### INFORMATION GIVEN
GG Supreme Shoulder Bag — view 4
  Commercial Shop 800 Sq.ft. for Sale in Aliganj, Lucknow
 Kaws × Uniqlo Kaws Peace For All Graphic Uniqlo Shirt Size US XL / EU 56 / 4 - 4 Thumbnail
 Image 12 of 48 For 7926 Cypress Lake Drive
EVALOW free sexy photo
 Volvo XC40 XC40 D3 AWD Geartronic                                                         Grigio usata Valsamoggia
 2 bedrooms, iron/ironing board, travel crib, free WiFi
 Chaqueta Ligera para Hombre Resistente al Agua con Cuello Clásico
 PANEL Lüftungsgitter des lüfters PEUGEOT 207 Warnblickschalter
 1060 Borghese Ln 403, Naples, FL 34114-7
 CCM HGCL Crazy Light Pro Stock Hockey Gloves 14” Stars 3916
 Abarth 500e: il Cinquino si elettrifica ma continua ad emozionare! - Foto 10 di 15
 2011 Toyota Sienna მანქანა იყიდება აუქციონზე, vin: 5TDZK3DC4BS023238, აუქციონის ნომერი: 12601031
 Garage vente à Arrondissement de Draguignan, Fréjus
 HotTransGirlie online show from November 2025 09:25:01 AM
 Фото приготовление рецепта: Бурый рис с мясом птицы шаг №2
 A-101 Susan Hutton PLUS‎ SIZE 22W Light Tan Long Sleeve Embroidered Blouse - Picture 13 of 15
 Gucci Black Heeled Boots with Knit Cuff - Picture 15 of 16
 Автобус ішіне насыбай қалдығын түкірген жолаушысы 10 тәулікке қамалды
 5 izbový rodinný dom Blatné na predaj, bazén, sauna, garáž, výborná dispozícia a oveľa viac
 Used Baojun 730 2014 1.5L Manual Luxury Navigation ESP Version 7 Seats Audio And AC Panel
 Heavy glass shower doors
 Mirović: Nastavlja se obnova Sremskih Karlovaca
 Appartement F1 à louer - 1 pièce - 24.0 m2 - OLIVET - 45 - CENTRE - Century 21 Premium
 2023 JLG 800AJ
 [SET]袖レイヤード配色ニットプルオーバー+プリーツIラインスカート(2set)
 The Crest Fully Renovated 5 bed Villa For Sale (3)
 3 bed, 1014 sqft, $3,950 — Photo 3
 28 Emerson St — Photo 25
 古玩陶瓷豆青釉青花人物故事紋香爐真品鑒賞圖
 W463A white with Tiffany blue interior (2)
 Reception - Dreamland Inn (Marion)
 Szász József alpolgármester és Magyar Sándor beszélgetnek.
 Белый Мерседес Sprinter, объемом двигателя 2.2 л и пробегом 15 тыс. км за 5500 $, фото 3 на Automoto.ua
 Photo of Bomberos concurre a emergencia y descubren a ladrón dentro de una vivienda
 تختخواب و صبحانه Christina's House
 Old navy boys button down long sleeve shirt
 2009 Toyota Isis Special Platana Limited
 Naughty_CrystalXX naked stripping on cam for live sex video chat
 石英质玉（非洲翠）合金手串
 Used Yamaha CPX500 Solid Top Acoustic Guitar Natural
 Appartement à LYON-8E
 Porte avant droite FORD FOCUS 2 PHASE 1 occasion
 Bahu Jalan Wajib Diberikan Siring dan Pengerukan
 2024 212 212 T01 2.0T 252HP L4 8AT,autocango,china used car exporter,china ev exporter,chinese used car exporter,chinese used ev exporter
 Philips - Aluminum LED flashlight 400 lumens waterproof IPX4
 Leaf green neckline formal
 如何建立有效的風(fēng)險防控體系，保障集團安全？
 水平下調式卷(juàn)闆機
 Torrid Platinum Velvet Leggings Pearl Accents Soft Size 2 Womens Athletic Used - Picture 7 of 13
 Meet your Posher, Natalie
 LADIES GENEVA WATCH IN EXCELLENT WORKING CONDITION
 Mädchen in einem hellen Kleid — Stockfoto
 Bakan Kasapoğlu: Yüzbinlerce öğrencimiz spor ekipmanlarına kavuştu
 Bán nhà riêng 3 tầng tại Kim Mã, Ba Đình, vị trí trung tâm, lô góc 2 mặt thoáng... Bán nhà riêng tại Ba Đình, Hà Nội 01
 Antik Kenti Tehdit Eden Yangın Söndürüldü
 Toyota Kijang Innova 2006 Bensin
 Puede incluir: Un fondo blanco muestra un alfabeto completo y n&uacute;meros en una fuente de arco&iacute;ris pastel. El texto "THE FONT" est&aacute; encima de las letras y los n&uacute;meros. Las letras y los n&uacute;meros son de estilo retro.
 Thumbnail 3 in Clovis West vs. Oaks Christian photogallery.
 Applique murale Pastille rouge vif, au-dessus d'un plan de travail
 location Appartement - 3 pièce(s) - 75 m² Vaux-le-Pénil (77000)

### WHAT TO WORK ON
Please give the number of lines in the listing that hold "free", and no other text.

### WRITTEN ANSWER
2